• [RAW DATA]

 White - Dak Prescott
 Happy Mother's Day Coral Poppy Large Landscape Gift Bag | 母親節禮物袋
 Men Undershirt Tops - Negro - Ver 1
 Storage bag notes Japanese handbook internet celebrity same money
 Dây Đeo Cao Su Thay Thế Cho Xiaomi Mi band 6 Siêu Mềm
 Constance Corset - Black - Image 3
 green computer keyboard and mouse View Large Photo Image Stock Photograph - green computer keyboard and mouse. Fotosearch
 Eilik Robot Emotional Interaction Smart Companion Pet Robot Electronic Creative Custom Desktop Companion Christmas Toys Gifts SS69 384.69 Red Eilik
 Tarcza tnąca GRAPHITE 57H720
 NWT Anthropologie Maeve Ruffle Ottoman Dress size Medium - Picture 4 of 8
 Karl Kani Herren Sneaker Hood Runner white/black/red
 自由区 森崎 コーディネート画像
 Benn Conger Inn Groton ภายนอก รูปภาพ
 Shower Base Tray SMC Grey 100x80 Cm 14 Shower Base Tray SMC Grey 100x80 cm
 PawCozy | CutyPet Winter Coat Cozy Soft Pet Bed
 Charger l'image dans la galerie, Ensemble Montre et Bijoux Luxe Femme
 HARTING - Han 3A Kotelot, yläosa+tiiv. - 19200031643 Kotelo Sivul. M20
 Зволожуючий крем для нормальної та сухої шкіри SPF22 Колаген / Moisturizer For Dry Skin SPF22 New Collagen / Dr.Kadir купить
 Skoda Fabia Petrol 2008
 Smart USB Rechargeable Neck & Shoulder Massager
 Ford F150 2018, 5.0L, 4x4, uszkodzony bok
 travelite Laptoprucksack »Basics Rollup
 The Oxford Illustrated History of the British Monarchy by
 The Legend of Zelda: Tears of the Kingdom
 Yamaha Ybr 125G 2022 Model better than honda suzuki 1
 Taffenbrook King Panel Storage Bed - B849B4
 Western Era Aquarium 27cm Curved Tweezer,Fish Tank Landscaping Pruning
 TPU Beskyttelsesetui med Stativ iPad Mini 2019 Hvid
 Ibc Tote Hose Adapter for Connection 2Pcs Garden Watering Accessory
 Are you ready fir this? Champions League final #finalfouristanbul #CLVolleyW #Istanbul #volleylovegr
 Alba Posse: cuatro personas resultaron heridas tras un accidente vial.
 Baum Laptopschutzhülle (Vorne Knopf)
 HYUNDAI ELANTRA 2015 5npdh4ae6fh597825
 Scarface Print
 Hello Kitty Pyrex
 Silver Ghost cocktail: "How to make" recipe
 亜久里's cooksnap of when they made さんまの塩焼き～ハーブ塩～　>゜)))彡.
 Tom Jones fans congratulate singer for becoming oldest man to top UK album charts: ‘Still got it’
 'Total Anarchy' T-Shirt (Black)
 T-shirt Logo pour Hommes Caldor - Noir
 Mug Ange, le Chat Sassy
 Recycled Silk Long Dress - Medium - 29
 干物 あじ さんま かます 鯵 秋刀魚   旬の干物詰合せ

• [EXERCISE BRIEF] Within the listing above, say how many lines contain the string "Storage". Reply with the number only.

• [OUTPUT OF THE EXERCISE] 2